Web page caption snippets:
##########

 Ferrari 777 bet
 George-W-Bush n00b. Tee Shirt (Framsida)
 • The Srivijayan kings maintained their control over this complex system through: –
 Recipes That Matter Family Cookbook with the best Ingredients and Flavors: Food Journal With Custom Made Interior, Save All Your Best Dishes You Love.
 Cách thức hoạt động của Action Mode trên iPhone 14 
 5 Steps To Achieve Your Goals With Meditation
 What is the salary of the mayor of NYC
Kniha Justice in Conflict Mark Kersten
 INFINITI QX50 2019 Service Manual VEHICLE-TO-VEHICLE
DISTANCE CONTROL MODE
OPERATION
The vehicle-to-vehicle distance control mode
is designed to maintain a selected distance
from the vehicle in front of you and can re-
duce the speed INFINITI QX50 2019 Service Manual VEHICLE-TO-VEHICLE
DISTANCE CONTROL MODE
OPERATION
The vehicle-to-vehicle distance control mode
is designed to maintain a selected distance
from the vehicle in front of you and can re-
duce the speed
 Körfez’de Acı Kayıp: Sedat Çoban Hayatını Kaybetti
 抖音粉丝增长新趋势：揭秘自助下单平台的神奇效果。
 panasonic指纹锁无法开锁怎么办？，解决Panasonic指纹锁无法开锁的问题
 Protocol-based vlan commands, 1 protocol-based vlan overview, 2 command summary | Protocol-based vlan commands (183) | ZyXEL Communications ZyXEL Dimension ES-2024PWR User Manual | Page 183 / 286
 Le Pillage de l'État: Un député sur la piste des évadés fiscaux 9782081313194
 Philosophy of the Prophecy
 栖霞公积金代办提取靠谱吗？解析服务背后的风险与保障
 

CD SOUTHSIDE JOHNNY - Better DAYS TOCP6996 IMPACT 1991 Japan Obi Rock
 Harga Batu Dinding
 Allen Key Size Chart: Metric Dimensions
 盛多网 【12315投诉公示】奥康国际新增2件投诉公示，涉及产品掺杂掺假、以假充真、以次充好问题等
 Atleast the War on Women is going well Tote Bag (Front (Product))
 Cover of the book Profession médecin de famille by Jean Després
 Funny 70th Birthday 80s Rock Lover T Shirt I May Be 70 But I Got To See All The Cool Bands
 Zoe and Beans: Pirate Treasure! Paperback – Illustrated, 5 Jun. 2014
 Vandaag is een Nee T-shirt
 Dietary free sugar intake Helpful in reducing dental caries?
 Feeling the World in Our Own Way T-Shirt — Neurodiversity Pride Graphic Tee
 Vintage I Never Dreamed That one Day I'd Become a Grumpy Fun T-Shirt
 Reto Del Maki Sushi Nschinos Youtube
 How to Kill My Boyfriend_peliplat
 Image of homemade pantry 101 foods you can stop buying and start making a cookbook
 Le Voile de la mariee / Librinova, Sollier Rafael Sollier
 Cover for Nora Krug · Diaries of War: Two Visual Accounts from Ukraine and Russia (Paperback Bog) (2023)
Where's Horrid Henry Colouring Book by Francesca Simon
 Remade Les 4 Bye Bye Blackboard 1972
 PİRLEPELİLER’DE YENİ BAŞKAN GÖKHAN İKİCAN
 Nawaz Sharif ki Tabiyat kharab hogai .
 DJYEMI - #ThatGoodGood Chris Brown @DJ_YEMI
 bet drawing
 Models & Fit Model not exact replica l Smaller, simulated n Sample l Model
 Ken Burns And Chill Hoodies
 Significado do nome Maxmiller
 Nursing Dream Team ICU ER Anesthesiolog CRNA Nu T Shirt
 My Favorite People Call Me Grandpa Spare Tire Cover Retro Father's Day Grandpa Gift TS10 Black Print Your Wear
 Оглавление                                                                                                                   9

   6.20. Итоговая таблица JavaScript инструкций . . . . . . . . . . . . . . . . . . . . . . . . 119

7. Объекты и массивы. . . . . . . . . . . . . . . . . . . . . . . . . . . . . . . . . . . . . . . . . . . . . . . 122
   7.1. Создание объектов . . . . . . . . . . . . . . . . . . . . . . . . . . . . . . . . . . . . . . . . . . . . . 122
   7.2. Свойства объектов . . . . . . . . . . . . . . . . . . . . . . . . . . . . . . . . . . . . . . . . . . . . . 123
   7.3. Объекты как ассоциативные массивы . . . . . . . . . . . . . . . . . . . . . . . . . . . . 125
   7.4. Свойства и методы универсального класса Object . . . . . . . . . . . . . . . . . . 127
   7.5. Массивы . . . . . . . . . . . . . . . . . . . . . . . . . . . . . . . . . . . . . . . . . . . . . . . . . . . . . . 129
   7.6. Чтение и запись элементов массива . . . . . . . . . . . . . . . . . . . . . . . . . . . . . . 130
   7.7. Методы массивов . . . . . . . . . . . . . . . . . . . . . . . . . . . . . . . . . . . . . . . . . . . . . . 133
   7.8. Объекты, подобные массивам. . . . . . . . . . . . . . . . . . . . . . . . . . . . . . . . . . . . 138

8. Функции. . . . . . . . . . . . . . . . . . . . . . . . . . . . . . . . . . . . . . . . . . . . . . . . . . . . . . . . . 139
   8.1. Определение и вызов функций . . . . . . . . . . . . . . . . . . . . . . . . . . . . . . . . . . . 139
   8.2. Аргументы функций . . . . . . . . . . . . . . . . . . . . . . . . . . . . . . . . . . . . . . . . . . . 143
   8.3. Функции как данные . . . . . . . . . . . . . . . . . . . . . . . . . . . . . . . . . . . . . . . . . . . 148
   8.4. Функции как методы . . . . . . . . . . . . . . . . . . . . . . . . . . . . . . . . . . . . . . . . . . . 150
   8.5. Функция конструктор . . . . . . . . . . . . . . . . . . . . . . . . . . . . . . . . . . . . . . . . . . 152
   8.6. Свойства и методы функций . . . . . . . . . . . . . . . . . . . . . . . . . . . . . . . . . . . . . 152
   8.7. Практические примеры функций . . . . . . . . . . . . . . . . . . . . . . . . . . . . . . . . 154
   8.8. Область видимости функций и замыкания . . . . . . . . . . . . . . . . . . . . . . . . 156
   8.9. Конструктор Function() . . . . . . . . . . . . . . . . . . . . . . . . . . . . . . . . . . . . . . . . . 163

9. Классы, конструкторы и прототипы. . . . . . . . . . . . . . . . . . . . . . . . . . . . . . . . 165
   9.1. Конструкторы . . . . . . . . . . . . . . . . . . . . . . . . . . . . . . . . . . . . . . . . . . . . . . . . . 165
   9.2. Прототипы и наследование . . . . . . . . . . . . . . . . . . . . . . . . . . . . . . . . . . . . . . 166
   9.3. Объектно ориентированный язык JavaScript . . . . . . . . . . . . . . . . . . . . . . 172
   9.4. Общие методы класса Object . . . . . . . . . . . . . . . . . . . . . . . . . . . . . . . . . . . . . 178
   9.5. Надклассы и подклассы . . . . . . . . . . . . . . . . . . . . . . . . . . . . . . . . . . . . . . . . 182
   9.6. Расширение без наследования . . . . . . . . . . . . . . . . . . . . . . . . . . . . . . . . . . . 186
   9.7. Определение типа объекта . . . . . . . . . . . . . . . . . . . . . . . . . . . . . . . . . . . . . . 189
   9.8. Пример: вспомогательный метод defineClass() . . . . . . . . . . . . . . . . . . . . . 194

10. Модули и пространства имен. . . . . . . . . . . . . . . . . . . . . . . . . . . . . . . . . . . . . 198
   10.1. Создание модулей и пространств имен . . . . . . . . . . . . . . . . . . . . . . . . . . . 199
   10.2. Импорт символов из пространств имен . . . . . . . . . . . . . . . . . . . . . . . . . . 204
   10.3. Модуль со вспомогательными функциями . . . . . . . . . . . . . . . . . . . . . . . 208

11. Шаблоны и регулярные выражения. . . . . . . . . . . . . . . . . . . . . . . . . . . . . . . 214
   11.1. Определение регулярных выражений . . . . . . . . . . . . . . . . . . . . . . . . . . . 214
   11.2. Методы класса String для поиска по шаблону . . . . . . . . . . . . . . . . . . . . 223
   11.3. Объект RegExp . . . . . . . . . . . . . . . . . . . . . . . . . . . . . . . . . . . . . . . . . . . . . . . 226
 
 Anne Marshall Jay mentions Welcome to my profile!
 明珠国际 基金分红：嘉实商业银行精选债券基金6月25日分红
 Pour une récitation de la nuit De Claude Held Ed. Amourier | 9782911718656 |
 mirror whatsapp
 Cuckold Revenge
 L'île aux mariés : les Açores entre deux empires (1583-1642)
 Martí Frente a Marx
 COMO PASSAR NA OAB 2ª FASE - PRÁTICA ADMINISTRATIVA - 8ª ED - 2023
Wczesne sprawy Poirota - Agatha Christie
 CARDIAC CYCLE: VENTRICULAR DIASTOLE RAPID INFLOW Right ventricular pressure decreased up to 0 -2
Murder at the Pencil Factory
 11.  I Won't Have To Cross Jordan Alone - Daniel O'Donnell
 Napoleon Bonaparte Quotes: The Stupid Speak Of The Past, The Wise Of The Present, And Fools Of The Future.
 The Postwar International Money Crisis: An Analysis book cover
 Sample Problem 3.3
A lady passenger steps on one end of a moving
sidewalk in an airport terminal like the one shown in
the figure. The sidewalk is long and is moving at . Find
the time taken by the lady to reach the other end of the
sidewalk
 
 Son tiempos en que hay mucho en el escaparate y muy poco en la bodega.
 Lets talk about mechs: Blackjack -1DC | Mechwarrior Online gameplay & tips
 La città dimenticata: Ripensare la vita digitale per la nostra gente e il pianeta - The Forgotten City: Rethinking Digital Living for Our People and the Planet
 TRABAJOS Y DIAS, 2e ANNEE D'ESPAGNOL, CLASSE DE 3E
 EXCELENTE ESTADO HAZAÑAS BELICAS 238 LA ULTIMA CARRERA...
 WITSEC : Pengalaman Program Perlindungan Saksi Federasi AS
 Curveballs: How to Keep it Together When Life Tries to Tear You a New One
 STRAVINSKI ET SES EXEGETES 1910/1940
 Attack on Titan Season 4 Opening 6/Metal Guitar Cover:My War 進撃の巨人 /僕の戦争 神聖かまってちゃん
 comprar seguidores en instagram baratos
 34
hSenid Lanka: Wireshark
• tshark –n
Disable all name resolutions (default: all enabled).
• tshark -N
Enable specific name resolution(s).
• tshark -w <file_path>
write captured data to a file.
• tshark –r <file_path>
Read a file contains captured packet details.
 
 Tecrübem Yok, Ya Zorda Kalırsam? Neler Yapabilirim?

##########

== Problem to solve ==
Once the line containing "Feeling the World" has been written out, please stop; every line before it, back to the first line of the records above, should be given exactly.

== Result of this task ==
 Ferrari 777 bet
 George-W-Bush n00b. Tee Shirt (Framsida)
 • The Srivijayan kings maintained their control over this complex system through: –
 Recipes That Matter Family Cookbook with the best Ingredients and Flavors: Food Journal With Custom Made Interior, Save All Your Best Dishes You Love.
 Cách thức hoạt động của Action Mode trên iPhone 14 
 5 Steps To Achieve Your Goals With Meditation
 What is the salary of the mayor of NYC
Kniha Justice in Conflict Mark Kersten
 INFINITI QX50 2019 Service Manual VEHICLE-TO-VEHICLE
DISTANCE CONTROL MODE
OPERATION
The vehicle-to-vehicle distance control mode
is designed to maintain a selected distance
from the vehicle in front of you and can re-
duce the speed INFINITI QX50 2019 Service Manual VEHICLE-TO-VEHICLE
DISTANCE CONTROL MODE
OPERATION
The vehicle-to-vehicle distance control mode
is designed to maintain a selected distance
from the vehicle in front of you and can re-
duce the speed
 Körfez’de Acı Kayıp: Sedat Çoban Hayatını Kaybetti
 抖音粉丝增长新趋势：揭秘自助下单平台的神奇效果。
 panasonic指纹锁无法开锁怎么办？，解决Panasonic指纹锁无法开锁的问题
 Protocol-based vlan commands, 1 protocol-based vlan overview, 2 command summary | Protocol-based vlan commands (183) | ZyXEL Communications ZyXEL Dimension ES-2024PWR User Manual | Page 183 / 286
 Le Pillage de l'État: Un député sur la piste des évadés fiscaux 9782081313194
 Philosophy of the Prophecy
 栖霞公积金代办提取靠谱吗？解析服务背后的风险与保障
 

CD SOUTHSIDE JOHNNY - Better DAYS TOCP6996 IMPACT 1991 Japan Obi Rock
 Harga Batu Dinding
 Allen Key Size Chart: Metric Dimensions
 盛多网 【12315投诉公示】奥康国际新增2件投诉公示，涉及产品掺杂掺假、以假充真、以次充好问题等
 Atleast the War on Women is going well Tote Bag (Front (Product))
 Cover of the book Profession médecin de famille by Jean Després
 Funny 70th Birthday 80s Rock Lover T Shirt I May Be 70 But I Got To See All The Cool Bands
 Zoe and Beans: Pirate Treasure! Paperback – Illustrated, 5 Jun. 2014
 Vandaag is een Nee T-shirt
 Dietary free sugar intake Helpful in reducing dental caries?
 Feeling the World in Our Own Way T-Shirt — Neurodiversity Pride Graphic Tee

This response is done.